Ownership

Shadowsdream

Dream Maker
Joined
Apr 29, 2002
Posts
3,173
Many cringe when they hear the word *Owned* as in I own you/him/her body, heart and mind.

i need to be *owned* completely and in all ways!

Some find the term to be degrading to humanity and others find it a soft caress of the depth of their devotion on either side of the whip.

I own My slave as deeply as one human being can own another, and with this acceptance of ownership I commit to a massive responsibility for his safety and happiness. his desire and need to be owned by Me cements his joy in his obedience and service. W/we both like the sound of the word *owned* whether it is uttered from his lips or Mine. It is a private ingredient in O/our every day lives.

Other submissives I have guided and Dominated have brought Me equal joy and have had different personalities that could not fathom the word *owned*. They were almost as committed and brought me incredible joy and responsibility as well.

Anyone care to join this conversation from your own point of view?
 
I can understand your slave's feelings.

I feeled owned.
I need to be owned - totally and utterly and completely.

When my Master put that simple everyday silver chain around my neck, he did so with the words 'You are mine. I own you, body, mind and soul.' (Or something like that.) In that moment, I have never felt so safe, so secure, so loved and accepted and cherished.
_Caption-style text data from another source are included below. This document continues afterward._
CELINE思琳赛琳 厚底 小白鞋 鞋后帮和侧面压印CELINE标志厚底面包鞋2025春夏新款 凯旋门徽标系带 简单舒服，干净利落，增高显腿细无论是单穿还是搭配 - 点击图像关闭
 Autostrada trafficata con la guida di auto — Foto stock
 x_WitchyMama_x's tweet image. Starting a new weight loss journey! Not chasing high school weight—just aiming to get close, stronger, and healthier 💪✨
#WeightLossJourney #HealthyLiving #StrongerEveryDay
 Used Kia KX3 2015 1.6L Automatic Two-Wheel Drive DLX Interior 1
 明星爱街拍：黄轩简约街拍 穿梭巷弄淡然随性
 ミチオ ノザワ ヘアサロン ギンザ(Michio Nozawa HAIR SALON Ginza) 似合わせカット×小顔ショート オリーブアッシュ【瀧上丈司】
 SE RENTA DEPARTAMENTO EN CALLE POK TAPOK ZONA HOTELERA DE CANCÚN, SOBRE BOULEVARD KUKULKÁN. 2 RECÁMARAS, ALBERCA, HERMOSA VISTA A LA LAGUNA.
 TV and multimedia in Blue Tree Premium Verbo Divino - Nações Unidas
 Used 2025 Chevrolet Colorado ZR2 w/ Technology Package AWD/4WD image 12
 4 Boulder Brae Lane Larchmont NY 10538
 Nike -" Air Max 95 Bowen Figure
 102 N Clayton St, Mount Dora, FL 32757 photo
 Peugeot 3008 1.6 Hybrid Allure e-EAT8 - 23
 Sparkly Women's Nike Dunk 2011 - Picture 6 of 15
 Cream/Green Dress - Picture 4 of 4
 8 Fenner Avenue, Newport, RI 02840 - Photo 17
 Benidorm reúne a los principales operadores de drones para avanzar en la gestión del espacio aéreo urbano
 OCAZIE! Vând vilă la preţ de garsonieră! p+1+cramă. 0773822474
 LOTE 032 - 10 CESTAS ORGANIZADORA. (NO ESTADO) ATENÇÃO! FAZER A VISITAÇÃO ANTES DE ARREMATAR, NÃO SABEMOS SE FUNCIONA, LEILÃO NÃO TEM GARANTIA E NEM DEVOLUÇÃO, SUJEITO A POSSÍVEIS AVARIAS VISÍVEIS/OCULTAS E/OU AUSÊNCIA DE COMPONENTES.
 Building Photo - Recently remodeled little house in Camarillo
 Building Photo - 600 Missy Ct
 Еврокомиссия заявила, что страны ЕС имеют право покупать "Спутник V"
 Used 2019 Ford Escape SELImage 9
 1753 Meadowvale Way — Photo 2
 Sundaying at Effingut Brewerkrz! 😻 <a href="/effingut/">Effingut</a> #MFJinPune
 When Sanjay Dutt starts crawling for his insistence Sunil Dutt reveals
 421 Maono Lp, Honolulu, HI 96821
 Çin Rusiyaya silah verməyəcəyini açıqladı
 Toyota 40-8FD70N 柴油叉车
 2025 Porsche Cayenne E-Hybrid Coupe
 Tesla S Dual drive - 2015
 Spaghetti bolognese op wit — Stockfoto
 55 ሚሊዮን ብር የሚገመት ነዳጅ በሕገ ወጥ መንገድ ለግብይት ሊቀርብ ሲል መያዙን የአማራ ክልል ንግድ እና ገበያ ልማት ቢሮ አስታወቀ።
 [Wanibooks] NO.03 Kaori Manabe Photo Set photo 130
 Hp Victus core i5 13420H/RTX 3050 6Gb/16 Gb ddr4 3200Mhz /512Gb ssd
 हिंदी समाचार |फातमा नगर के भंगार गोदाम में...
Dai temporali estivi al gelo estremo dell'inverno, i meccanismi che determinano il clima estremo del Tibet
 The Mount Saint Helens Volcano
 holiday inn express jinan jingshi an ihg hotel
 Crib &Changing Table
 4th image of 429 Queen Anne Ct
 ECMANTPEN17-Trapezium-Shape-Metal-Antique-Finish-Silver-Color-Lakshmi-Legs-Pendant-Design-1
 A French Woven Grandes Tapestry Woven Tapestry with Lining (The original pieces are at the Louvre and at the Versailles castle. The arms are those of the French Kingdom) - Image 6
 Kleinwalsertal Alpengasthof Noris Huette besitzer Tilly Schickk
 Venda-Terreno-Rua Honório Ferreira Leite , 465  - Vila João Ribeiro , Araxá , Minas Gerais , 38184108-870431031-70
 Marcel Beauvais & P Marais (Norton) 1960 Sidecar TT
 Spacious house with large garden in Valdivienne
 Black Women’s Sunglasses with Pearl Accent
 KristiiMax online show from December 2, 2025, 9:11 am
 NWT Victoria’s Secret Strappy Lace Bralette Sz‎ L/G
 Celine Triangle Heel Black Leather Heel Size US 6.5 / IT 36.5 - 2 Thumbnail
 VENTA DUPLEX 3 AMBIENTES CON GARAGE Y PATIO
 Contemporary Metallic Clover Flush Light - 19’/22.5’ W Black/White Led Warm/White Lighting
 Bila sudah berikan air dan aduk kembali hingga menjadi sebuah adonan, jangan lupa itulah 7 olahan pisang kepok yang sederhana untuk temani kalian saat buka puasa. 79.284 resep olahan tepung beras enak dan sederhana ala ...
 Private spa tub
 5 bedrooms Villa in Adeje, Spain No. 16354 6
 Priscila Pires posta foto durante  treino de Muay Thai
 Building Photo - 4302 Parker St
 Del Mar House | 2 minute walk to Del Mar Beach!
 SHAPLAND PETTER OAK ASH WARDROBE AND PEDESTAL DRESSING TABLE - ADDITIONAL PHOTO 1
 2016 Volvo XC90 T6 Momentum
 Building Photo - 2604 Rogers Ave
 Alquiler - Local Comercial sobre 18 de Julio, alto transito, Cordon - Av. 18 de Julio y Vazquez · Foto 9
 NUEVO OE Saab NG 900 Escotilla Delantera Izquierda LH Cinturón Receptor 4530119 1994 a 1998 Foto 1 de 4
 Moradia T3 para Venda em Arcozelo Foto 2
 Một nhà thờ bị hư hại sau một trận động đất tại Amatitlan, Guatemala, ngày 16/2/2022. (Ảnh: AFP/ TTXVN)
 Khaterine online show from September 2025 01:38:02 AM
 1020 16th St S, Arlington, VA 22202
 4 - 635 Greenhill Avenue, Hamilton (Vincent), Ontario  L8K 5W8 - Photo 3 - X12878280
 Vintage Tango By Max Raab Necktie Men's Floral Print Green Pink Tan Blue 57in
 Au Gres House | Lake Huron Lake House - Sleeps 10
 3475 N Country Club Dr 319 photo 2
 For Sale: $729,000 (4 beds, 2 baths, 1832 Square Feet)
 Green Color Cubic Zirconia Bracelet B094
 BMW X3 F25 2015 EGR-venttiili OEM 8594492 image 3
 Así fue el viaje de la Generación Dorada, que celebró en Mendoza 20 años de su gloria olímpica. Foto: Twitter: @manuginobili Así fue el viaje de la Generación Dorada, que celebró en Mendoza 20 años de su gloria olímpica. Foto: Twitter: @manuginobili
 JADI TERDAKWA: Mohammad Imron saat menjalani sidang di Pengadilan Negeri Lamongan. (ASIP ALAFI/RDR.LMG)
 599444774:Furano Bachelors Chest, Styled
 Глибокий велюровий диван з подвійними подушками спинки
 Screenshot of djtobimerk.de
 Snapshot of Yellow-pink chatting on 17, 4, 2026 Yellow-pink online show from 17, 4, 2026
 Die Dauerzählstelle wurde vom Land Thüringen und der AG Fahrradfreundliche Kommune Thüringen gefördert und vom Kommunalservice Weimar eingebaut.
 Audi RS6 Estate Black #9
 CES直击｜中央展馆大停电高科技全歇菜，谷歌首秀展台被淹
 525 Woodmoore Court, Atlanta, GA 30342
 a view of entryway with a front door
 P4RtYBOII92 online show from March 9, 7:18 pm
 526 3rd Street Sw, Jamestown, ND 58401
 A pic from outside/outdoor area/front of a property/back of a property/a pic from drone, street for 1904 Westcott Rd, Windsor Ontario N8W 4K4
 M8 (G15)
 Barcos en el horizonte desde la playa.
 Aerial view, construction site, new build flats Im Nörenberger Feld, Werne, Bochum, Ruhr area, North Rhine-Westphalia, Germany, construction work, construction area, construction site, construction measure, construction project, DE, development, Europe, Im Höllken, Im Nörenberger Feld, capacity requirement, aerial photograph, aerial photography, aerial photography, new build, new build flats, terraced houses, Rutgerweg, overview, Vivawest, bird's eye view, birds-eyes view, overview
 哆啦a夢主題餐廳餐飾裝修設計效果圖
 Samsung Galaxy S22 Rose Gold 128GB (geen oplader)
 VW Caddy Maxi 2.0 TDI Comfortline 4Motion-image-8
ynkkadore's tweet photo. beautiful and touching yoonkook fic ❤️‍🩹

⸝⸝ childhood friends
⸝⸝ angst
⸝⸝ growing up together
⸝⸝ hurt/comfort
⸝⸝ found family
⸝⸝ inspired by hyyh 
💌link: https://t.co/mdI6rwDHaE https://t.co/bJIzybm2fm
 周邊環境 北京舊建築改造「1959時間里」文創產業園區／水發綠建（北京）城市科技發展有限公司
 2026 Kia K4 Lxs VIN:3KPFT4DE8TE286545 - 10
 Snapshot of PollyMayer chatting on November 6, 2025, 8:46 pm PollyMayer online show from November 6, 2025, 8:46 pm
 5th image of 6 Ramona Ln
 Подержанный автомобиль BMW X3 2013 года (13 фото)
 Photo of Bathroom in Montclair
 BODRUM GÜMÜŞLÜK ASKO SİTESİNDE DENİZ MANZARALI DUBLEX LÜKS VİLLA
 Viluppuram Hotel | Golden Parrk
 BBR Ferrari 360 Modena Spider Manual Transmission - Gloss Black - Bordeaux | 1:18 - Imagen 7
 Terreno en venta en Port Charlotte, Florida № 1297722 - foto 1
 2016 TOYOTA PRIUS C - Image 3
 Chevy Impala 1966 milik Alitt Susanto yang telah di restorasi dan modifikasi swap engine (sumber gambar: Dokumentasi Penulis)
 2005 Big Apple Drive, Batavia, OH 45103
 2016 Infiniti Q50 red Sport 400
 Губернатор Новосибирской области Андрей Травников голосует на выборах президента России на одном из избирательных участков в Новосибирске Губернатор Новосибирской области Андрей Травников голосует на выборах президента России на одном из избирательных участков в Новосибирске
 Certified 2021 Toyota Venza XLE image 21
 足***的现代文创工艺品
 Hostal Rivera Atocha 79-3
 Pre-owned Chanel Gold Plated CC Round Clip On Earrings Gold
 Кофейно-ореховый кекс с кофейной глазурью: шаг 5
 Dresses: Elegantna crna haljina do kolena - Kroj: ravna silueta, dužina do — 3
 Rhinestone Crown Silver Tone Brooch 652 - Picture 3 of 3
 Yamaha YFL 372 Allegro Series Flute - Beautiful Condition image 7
To know that He wanted me, with all my faults and imperfections, he wanted and needed my submission thaat much - it was just so freeing.
 
Shadowsdream said:
Many cringe when they hear the word *Owned* as in I own you/him/her body, heart and mind.

i need to be *owned* completely and in all ways!

Some find the term to be degrading to humanity and others find it a soft caress of the depth of their devotion on either side of the whip.

I own My slave as deeply as one human being can own another, and with this acceptance of ownership I commit to a massive responsibility for his safety and happiness. his desire and need to be owned by Me cements his joy in his obedience and service. W/we both like the sound of the word *owned* whether it is uttered from his lips or Mine. It is a private ingredient in O/our every day lives.

Other submissives I have guided and Dominated have brought Me equal joy and have had different personalities that could not fathom the word *owned*. They were almost as committed and brought me incredible joy and responsibility as well.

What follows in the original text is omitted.